What is the sqaure root of -180x^8
I got 6x^4 i radical 5
me too
Usually the i comes last, though.
what do you mean it comes last
usually a complex number is written a+bi, and coefficients come before variables.
I know it is tempting to put the √5 last so it does not get confused with following numbers, but that's just orthography.
here, a is zero, so just bi:
6√5 x^4 i
To find the square root of -180x^8, we can break it down into two parts: the square root of the magnitude (absolute value) and the square root of the imaginary unit (i).

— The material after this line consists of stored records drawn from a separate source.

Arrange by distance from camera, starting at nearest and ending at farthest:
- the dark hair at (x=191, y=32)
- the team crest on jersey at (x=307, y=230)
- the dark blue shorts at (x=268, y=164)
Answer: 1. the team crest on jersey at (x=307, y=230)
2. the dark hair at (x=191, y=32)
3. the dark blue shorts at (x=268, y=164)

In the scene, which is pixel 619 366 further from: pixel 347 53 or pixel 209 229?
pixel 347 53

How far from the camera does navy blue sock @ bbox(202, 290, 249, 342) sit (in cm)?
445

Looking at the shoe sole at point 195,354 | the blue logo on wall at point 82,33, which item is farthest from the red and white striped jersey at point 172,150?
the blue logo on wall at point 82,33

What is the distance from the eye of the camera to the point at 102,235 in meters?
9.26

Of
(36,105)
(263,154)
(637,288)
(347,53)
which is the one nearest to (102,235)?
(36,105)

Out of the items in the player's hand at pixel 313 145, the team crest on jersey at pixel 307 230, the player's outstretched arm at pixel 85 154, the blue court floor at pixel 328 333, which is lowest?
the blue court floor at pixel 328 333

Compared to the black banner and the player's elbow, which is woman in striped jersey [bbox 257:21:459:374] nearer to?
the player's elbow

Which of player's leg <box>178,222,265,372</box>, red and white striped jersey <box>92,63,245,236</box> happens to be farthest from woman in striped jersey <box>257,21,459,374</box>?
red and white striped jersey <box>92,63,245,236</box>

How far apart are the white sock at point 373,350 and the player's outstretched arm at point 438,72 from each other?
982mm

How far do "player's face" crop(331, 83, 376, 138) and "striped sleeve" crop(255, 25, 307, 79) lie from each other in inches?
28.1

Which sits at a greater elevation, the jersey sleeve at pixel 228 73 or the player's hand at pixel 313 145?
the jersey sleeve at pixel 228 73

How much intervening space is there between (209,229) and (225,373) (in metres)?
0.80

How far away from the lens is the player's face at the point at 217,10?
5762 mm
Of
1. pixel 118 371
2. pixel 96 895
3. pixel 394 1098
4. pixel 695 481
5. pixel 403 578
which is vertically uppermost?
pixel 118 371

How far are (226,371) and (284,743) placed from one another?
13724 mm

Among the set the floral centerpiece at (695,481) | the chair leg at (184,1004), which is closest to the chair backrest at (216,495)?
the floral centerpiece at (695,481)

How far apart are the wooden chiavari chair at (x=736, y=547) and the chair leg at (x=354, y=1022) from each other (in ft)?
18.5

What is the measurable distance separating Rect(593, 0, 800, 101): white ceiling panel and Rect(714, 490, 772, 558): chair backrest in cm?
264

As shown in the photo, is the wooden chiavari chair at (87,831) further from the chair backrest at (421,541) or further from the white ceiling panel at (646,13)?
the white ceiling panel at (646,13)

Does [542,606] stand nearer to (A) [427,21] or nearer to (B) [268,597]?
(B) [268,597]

First, let's find the square root of the magnitude:
√(180x^8)
To simplify, we can break down 180x^8 into its prime factors.
180 = 2^2 * 3^2 * 5
x^8 = (x^4)^2
Therefore, √(180x^8) becomes:
√(2^2 * 3^2 * 5 * (x^4)^2)
√(2^2) * √(3^2) * √(5) * √((x^4)^2)
2 * 3 * x^4 * √5
6x^4√5
Now, the square root of the imaginary unit i:
√i
The square root of i can be represented as:
√i = (√2/2 + √2/2i)
Finally, combining the square root of the magnitude and the square root of the imaginary unit, we get:
6x^4√5 * (√2/2 + √2/2i)
Therefore, the square root of -180x^8 is 6x^4√5 * (√2/2 + √2/2i).